By picking current elected officials for his team, Obama has helped make Kirsten Gillibrand a national figure, handed Republicans the keys to government in Arizona, and indirectly put a felon in charge of Charlotte, North Carolina.

Tapping elected politicians for the cabinet is nothing new, but Obama has done it at a notable pace, plucking three senators, two governors, a House member, and two mayors from their posts since 2009. By adding Castro—one of Texas and Hispanic Democrats' leading lights—to that list, Obama has once again inserted himself into a state's political evolution, with unknowable consequences.

So far, the biggest results have come from Obama's selection of Hillary Clinton to head his State Department in 2009. Not only did that move set up the contours of the nascent 2016 presidential election, it created a new Democratic star. Before then-Governor David Paterson of New York appointed Kirsten Gillibrand to succeed Clinton in the Senate, Gillibrand was a Blue Dog Democrat in the House with an "A" rating from the National Rifle Association, a hard-line position on immigration, and a purple upstate district that she could well have lost the next year, in the 2010 Republican wave election.

Now Gillibrand is popular with the party base, a reliable progressive, and one of the top names on the list of non-Clinton Democratic women whom people discuss as potential presidential material.

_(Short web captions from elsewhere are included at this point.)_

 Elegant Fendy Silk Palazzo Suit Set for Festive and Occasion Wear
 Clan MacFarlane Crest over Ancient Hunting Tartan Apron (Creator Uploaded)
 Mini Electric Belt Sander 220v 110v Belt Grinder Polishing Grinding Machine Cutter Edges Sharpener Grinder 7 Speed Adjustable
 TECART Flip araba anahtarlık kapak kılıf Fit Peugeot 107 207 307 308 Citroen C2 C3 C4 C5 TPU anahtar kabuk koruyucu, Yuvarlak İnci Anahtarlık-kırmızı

The Clinton decision may have been the glitziest one, but it's far from the only Obama cabinet appointment that had cascading, and sometimes controversial, political consequences. By asking then-Governor Janet Napolitano of Arizona to take over the Homeland Security Department in 2009, Obama handed the governorship to Republican Jan Brewer, then the state's No. 2. That gave the GOP unified control of Arizona's government; the party already had both chambers of the state Legislature, but most everything still had to get through Napolitano. One Democratic state senator criticized Napolitano for abandoning the state by taking the cabinet post.

The next year, Brewer signed the harshest immigration law in the country, Senate Bill 1070, which Obama called "irresponsible" and said "undermine[d] basic notions of fairness." That's just the best-known of many pieces of conservative legislation the state GOP pushed with Brewer in the governor's office. Napolitano's successor also slowed the advance of other ambitious state Republicans, who may have been eyeing the planned open governor's race in 2010.

By contrast, former Senator John Kerry's move to the State Department in 2013 opened doors for several Democrats in Massachusetts' static political hierarchy to move up.

Then there's Colorado, from which Obama poached former Senator Ken Salazar to be his first Interior secretary. The Democratic governor in turn appointed little-known Denver Public Schools Superintendent Michael Bennet to the Senate, kicking off a Democratic civil war in the 2010 primaries, a hard-fought general election that Obama's political advisers saw as a model for what they had to do in 2012. Now, as chairman of the Democratic Senatorial Campaign Committee, Bennet has become one of the Senate's more powerful Democrats. (His brother James Bennet is editor in chief of The Atlantic.)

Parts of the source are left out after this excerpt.